MySQL Delete Rows from Slave

innodbMySQLreplication

I want to truncate the majority of data on a slave such that it only has the most recent records. I'll eventually demote the current master, making it a read-only archive, and promote the truncated slave to master. The primary motivation for truncation is reclamation of disk space; I want to dump and restore the slave.

Questions:

  1. Regarding the dump/restore operation on the slave, I'm planning on stopping the IO and SQL threads, then dumping the table, then dropping the table, the restoring from the dump, then starting the slave threads. Does this sound like the right process?
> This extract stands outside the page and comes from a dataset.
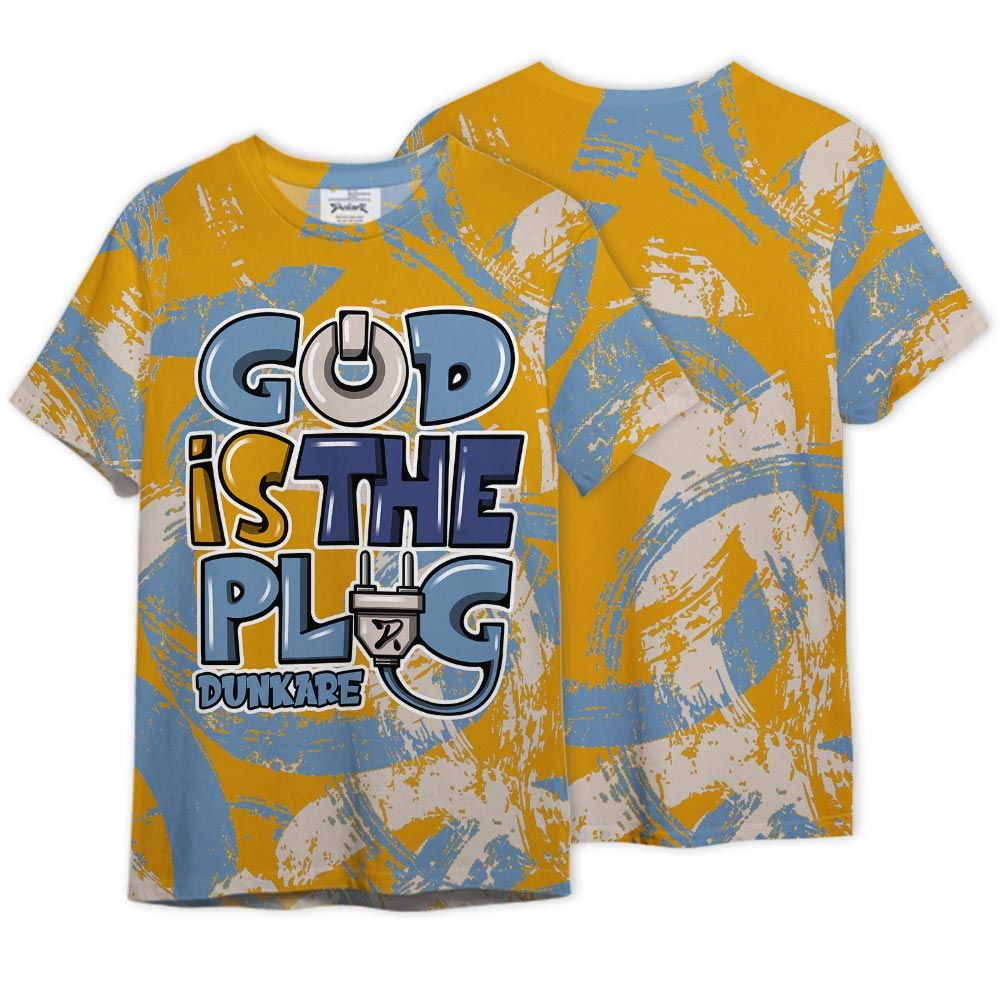 Shirt To Match High OG First In Flight 1s - God Is The Power Cord Circle Paint Splash Graphic Shirt Unisex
  2. What happens, after deleting rows from the slave, if the master sends an UPDATE or DELETE referencing a deleted row?

Best Answer

    • If you are using InnoDB with the option innodb_file_per_table option off (by default on MySQL 5.1 and before), you need to stop the server after the dump (make sure you are not using innodb_fast_shutdown = 2), then delete at least the ibdata1, ib_logfile0, ib_logfile1 and your database directory and finally restart MySQL and import only the final truncated data. Otherwise, your ibdata1 file won't shrink in size.
    • If you have active the option innodb_file_per_table (by default on MySQL 5.5 and later), you have separate .ibd files per table, and your ibdata1 file is not too big, you do not need to import/export the data and delete the InnoDB files. Just delete the appropriate rows and defragment the .ibd files by doing:

      ALTER TABLE <your table> ENGINE=InnoDB; -- for 5.5 and before
      
      ALTER TABLE <your table> ENGINE=InnoDB, ALGORITHM=COPY; -- for 5.6 and later
      
  1. Replication will probably break. On ROW based replication, it will certainly break as it won't find the right rows to affect. On STATEMENT mode some queries may continue working, affecting 0 rows, but as time passes, it is highly probable to find some incompatible query, like an UPDATE that can be done on the master but not on the slave due to a unique key constraint. I do not recommend running a replication with different data on master and slave unless you know for sure that those parts are not modified or they are done in a very restricted way. I can tell you that most of the replication problems I fix are due to replication filters.